You're flattening your table in your most outer FROM statement (ie here:
FROM
project.dataset.ga_sessions_*
, UNNEST(hits) as h)
All your session level dimensions eg device.* or totals.* values like totals.transactions are already rolled up to a session level, so when you flatten the table by unnesting the hits, these totals values get written as many times as there are hits. Example:
Let's say there are 30 hits in one session and 2 transactions, since you flatten/unnest your hits, you will be left with 30 rows containing totals.transactions = 2, so when you sum over them, the result would be that there were 60 transactions in this session.
Your users and visits don't get affected by this since you count distinct them, so any dupes get eliminated.
It looks to me as if you're query will work if you just remove the , UNNEST(hits) as h if you remove or adapt this line
h.sourcePropertyInfo.sourcePropertyDisplayName as display
since you already unnest the hits within the select statement where required apart from in this particular line.
after UNNESTing an array, use MAX() instead SUMMing them up to report on session level matrices:
use:
- MAX(totals.screenviews) AS PAGEVIEWS,
- MAX(totals.bounces) AS BOUNCES,
- MAX(totals.transactions) AS Transactions
- ...
- ...
instead of:
- SUM(totals.screenviews) AS PAGEVIEWS,
- SUM(totals.bounces) AS BOUNCES,
- SUM(totals.transactions) AS Transactions
this should partially solve your issue.
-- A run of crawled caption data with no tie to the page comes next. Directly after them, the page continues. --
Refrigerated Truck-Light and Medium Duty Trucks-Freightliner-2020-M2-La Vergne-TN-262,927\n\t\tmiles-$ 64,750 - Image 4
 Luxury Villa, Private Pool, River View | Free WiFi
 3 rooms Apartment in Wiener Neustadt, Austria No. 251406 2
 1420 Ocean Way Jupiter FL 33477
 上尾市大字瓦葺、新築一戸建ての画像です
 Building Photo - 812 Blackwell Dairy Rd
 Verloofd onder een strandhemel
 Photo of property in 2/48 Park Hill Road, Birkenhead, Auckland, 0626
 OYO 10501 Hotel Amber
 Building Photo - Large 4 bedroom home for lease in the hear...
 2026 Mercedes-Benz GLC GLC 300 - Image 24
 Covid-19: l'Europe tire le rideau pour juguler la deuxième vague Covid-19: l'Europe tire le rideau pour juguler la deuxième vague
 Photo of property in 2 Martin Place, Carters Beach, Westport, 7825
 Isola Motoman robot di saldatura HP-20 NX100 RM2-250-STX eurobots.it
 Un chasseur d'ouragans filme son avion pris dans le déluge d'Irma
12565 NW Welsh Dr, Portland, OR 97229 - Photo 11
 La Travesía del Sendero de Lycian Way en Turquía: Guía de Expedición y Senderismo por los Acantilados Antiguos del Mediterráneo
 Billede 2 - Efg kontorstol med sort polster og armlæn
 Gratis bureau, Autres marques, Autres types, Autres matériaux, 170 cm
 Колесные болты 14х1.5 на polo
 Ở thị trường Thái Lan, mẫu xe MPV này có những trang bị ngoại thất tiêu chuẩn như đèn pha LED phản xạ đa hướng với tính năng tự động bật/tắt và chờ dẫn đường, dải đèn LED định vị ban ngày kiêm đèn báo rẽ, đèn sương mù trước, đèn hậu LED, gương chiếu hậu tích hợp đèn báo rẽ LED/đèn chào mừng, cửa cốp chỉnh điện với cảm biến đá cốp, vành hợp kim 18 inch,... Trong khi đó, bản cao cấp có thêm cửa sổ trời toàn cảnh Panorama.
Let me know how it goes?
I think the reason why the calculated bounce rate is much higher in the query from William Fuks is the following
WHEN (h.isentrance = TRUE AND h.isexit = TRUE) THEN 1 END) bounces
It seems that isEntrance and isExit only happens on PAGE hits and so does not account for events. Hence the over count of bounces is due to single page views that might have had one or more interaction events happen on the page.